- **Task data**
━━━━━━
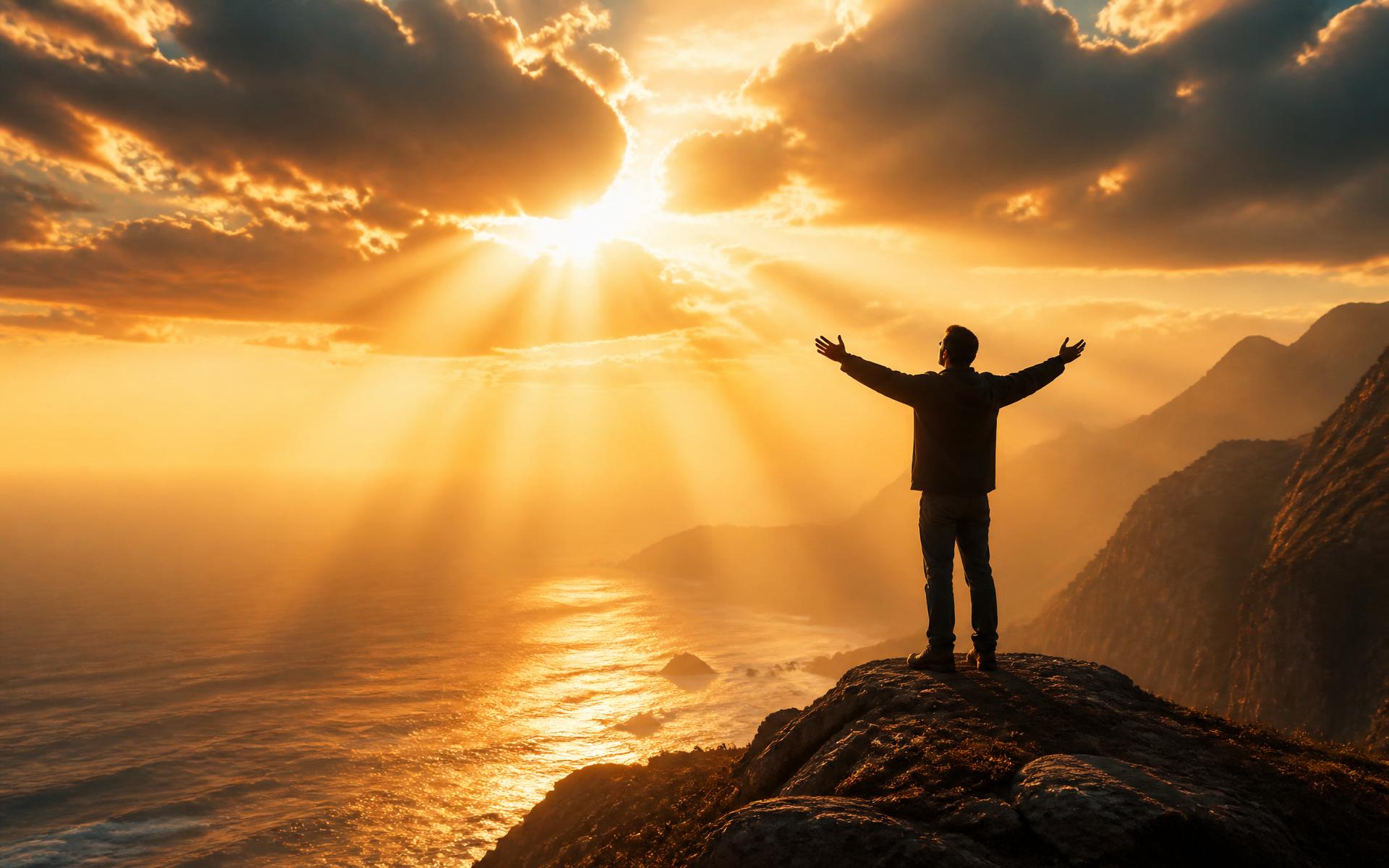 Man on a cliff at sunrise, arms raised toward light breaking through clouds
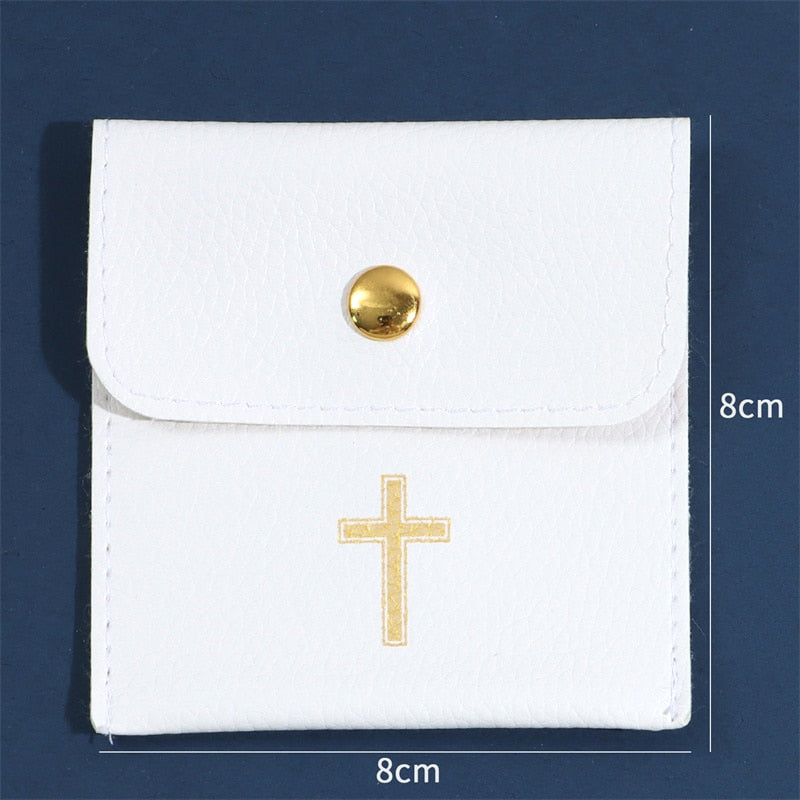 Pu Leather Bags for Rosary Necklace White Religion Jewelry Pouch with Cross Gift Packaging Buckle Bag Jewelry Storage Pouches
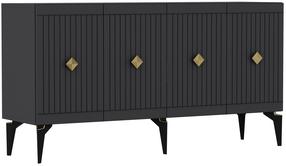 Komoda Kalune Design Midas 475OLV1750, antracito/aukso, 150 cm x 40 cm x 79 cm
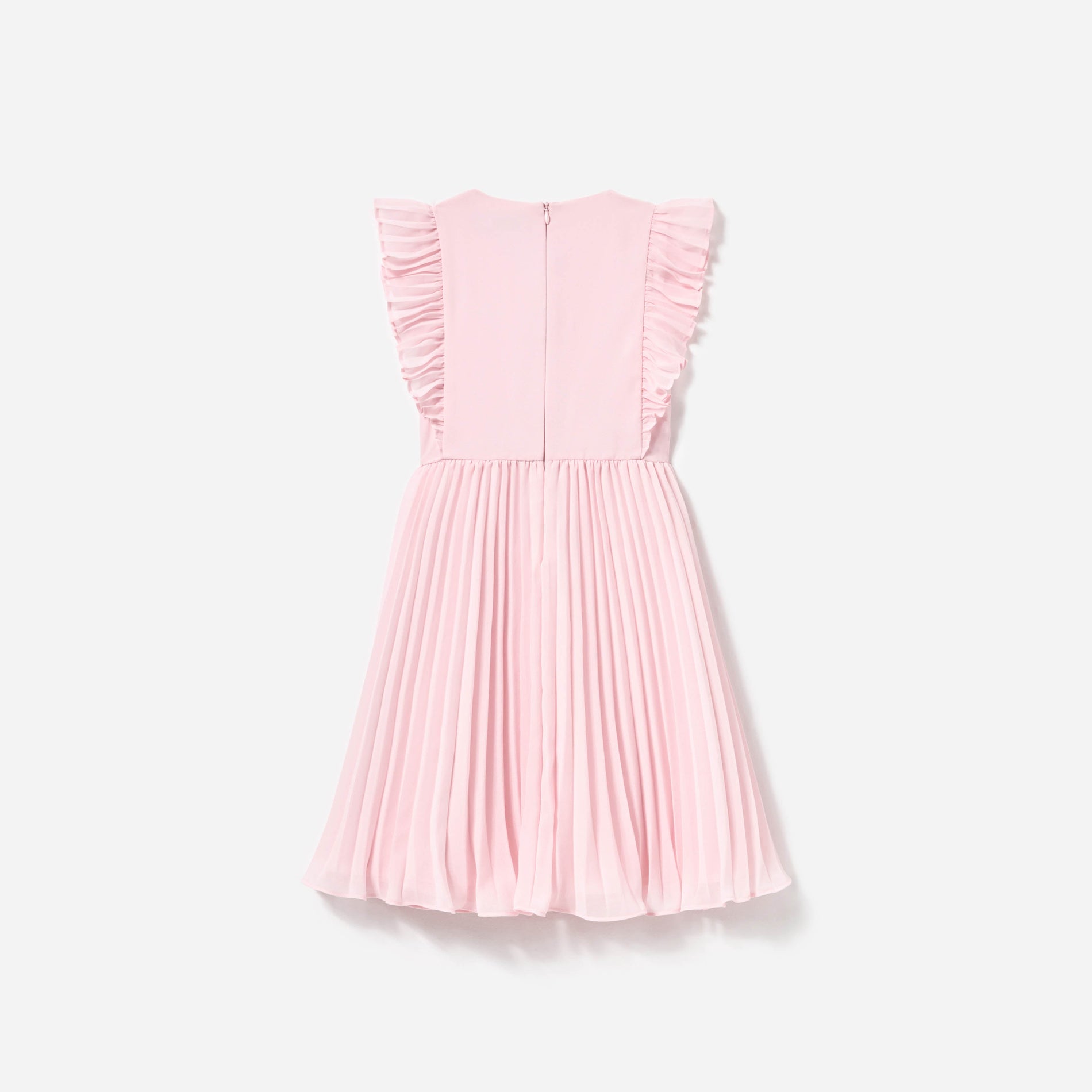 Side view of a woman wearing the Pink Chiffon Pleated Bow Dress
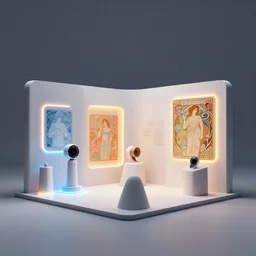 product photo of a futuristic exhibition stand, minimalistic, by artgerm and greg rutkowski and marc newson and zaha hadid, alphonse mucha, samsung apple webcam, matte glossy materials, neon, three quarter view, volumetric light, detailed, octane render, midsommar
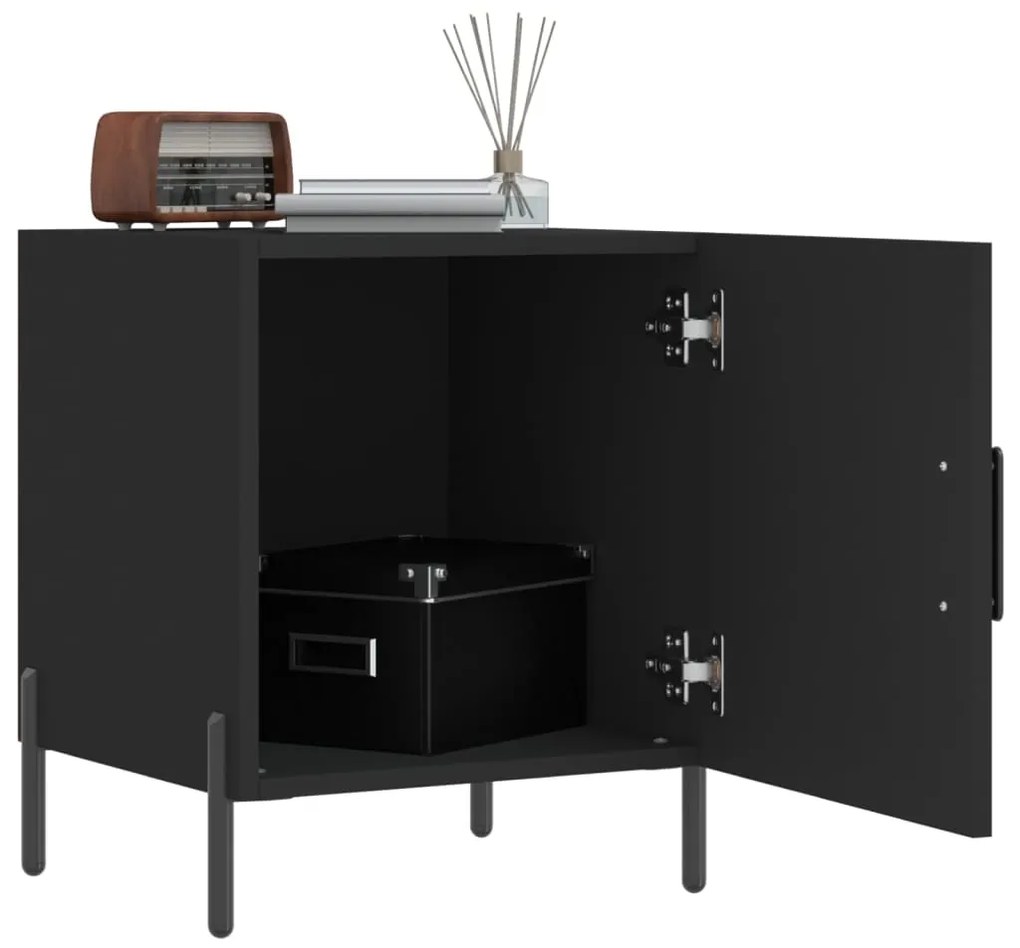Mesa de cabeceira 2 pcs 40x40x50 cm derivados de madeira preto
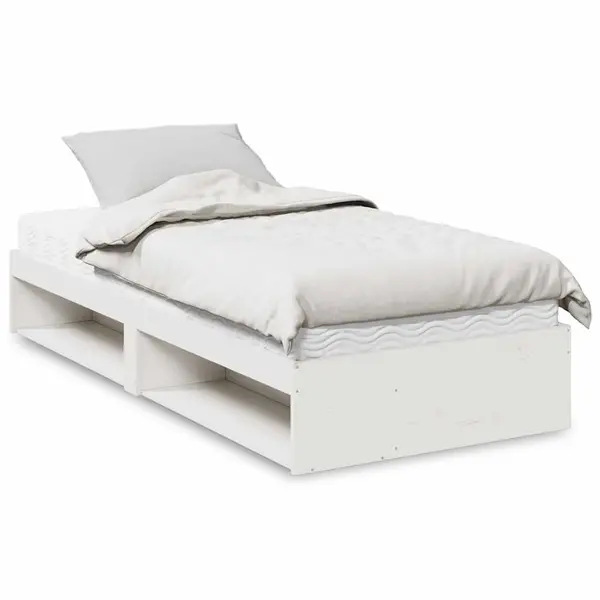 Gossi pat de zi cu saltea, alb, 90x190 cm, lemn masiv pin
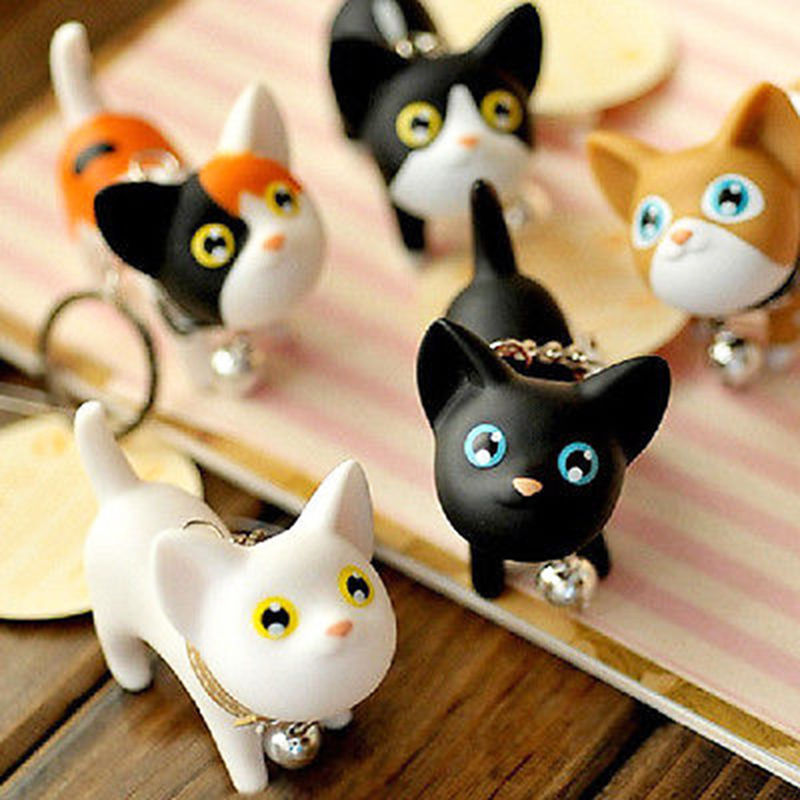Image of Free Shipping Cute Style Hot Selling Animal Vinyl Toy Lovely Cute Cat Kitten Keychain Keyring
━━━━━━
- **Problem to solve**
A clean copy is needed of the lines in the listing above from the one with "Side view of" through the one with "Gossi pat de", exact in every word and free of pictures.

- **Task result**
 Side view of a woman wearing the Pink Chiffon Pleated Bow Dress
 product photo of a futuristic exhibition stand, minimalistic, by artgerm and greg rutkowski and marc newson and zaha hadid, alphonse mucha, samsung apple webcam, matte glossy materials, neon, three quarter view, volumetric light, detailed, octane render, midsommar
Mesa de cabeceira 2 pcs 40x40x50 cm derivados de madeira preto
 Gossi pat de zi cu saltea, alb, 90x190 cm, lemn masiv pin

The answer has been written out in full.